Accueil : des casiers en bois, des petits bancs en béton, des sous-espaces dans le volume de la verrière participent à la mise en place d’une échelle plus intime.
Sommeil, hygiène : les espaces de repos dans les noyaux structurels sont clos par des demi-volets qui modulent ainsi lumière et permettent des scénarios de surveillance multiples. Les espaces à langer sont positionnés au centre des sections, dans des volumes habillés de bois, permettant une attention sans obstacle aux mouvements des enfants.
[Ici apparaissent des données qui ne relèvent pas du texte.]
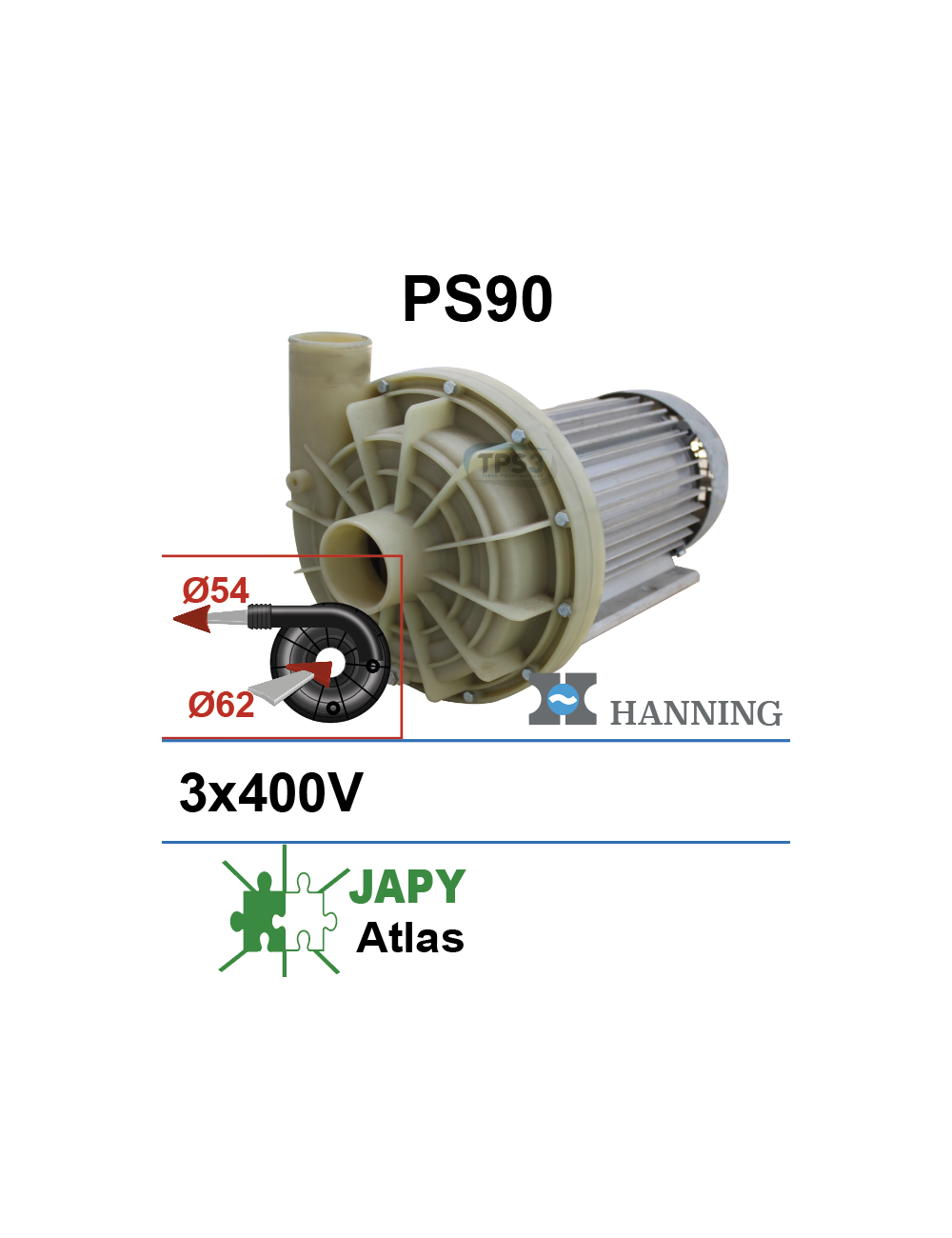 Pompe de lavage Hanning PS90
Proche d’une écriture infrastructurelle, par sa toiture à l’usage de parking et son apparence de socle habité, la plastique de ce projet s’appuie sur les qualités que procure un béton coulé en place savoir, « contemporanéité et archaïsme ». Issu du sol, né du terrain, cet édifice trouve donc très logiquement sa matérialité par la minéralité du béton. Des noyaux servants portent dalles et larges bandeaux en porte à faux sur 3 mètres. Ce dispositif fabrique une large coursive, prolongement des espaces intérieurs de la crèche, protège de la pluie et des apports solaires les larges parois vitrées coulissantes qui s’effacent dans les voiles des noyaux. Une pergola en poutres béton, en encorbellement elle aussi, créé de l’ombre sur le parvis. Un ferraillage renforcé a été nécessaire pour la réalisation de celle-ci. Un des enjeux de cet édifice était la parfaite géométrie des éléments coulés : alignements, rectitude… Une technique particulière a été mise en œuvre pour obtenir des sous-faces en béton. Des pré-dalles sont coulées en place et par des connecteurs se trouvent suspendues aux dalles principales. L’espace entre ces éléments est constitué par du polystyrène.
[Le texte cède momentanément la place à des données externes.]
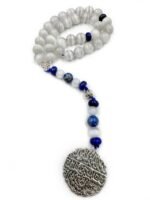 Islamic Prayer Selenite Tasbih, Natural Stone Misbaha Tasbeeh for Unisex Adults - Image 2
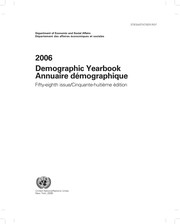Demographic yearbook. Annuaire démographique. Department of Economic and Social Affairs, Statistical Division.
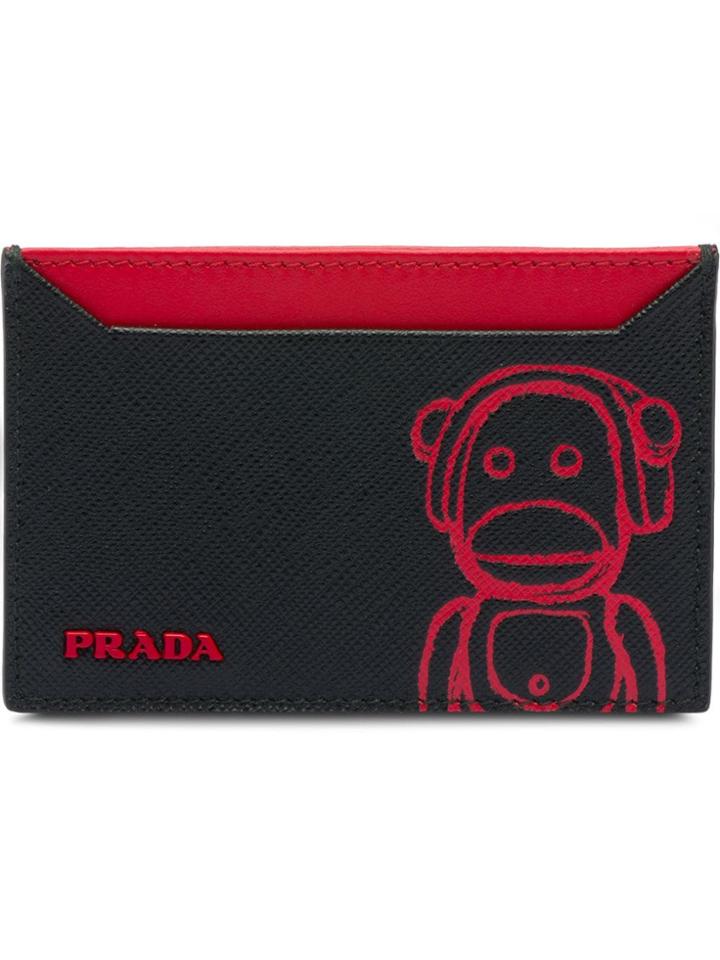 Prada Pradamalia Card Holder - Black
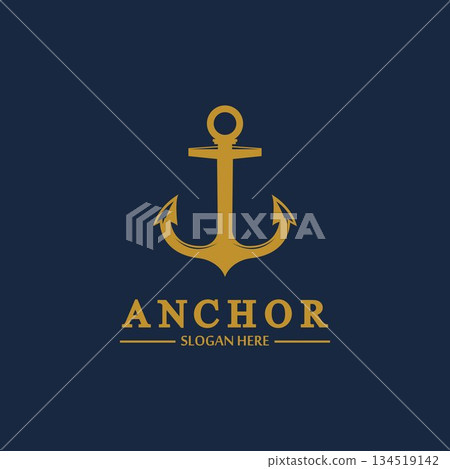 Anchor logo and symbol template icons app vector image Anchor logo and symbol template icons app vector image 134519142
Intégralement coulé en place, des outils spécifiques en coffrage acier ont été assemblés pour un coulage en une levée des noyaux porteurs. Le béton est resté au séchage 7 jours pleins avant d’être décoffré : lors du démoulage, il avait un très bel aspect marbré et par son temps de séchage protégé par son sarcophage métallique, il n’a absolument pas fissuré. Pour un rendu velouté, tous les outils de coffrage ont été habillés d’une double peau de contre-plaqué elle-même entièrement calepinée selon un module spécifique. Ce calepinage redessine toutes les parois. Enfin, dans la galerie atrium, a été réalisé contre terre un mur de 10 mètres de haut en béton de planches, signalant ainsi le rapport tectonique à l’excavation. La formule de béton a été choisie après plusieurs tests, mais n’a pas bénéficié de recherche particulière car nous souhaitions un béton qui puisse témoigner de sa « normalité brute ». L’entreprise qui n’avait jamais réalisé d’ouvrages en béton apparent a fait preuve d’un état d’esprit remarquable, d’une attention de tous les instants pour tendre à l’excellence. Les imperfections apportent une dimension supérieure, humaine, à cet ouvrage.